Kythe indexer for TypeScript

Development

Dependencies

Install yarn, then run it with no arguments to download dependencies.

You also need an install of the kythe tools like entrystream and verifier, and point the KYTHE environment variable at the path to it. You can either get these by building Kythe or by downloading the Kythe binaries from the Kythe releases page.

Commands

Run yarn run build to compile the TypeScript once.

Run yarn run watch to start the TypeScript compiler in watch mode, which keeps the built program up to date. Use this while developing.

Run yarn run browse to run the main binary, which opens the Kythe browser against a sample file. (You might need to set $KYTHE to your Kythe path first.)
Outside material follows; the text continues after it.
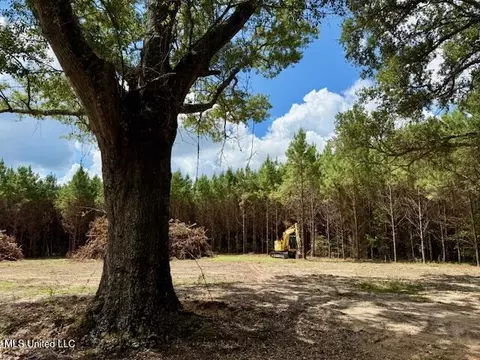 Tynes Road, Sandy Hook, MS 39478 photo 4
Run yarn test to run the test suite. (You'll need to have built first.)

Run yarn run fmt to autoformat the source code. (Better, configure your editor to run clang-format on save.)

Writing tests

By default in TypeScript, files are “scripts”, where every declaration is in the global scope. If the file has any import or export declaration, they become a “module”, where declarations are local. To make tests isolated from one another, prefix each test with an export {} to make them modules. In larger TypeScript projects this doesn't come up because all files are modules.

Design notes

Separate compilation

The Google TypeScript build relies heavily on TypeScript's --declaration flag to enable separate compilation. The way this works is that after compiling library A, we generate -- using that flag -- the “API shape” of A into a.d.ts. Then when compiling a library B that uses A, we compile b.ts and a.d.ts together. The Kythe process sees the same files as well.

What this means for indexing design is that a TypeScript compilation may see only the generated shape of a module, and not its internals. For example, given a file like

class C {
  get x(): string { return 'x'; }
}

The generated .d.ts file for it describes this getter as if it was a readonly property:

class C {
  readonly x: string;
}

In practice, what this means is that code should not assume it can to “peek into” another module to determine the VNames of entities. Instead, when looking at some hypothetical code that accesses the x member of an instance of C, we should use a consistent naming scheme to refer to x.

Choosing VNames

In code like:

let x = 3;
x;

the TypeScript compiler resolves the xs together into a single Symbol object. This concept maps nicely to Kythe's VName concept except that Symbols do not themselves have unique names.

You might at first think that you could just, at the let x line, choose a name for the Symbol there and then reuse it for subsequent references. But it's not guaranteed that you syntactically encounter a definition before its use, because code like this is legal:

x();
function x() {}

So the current approach instead starts from the Symbol, then from there jumps to the declarations of the Symbol, which then point to syntactic positions (like the function above), and then from there maps the declaration back to the containing scopes to choose a unique name.

This seems to work so far but we might need to revisit it. I'm not yet clear on whether this approach is correct for symbols with declarations in multiple modules, for example.

Module name

A file foo/bar.ts has an associated module name foo/bar. This is distinct (without the extension) because it's also possible to define that module via other file names, such as foo/bar.d.ts, and all such files all define into the single extension-less namespace.

TypeScript's rootDirs, which merge directories into a single shared namespace (e.g. like the way . and bazel-bin are merged in bazel), also are collapsed when computing a module name. In the test suite we use a fake-genfiles directory to recreate a rootDirs environment.

Semantic VNames (like an exported value) use the module name as the ‘path’ field of the VName. VNames that refer specifically to the file, such as the file text, use the real path of the file (including the extension).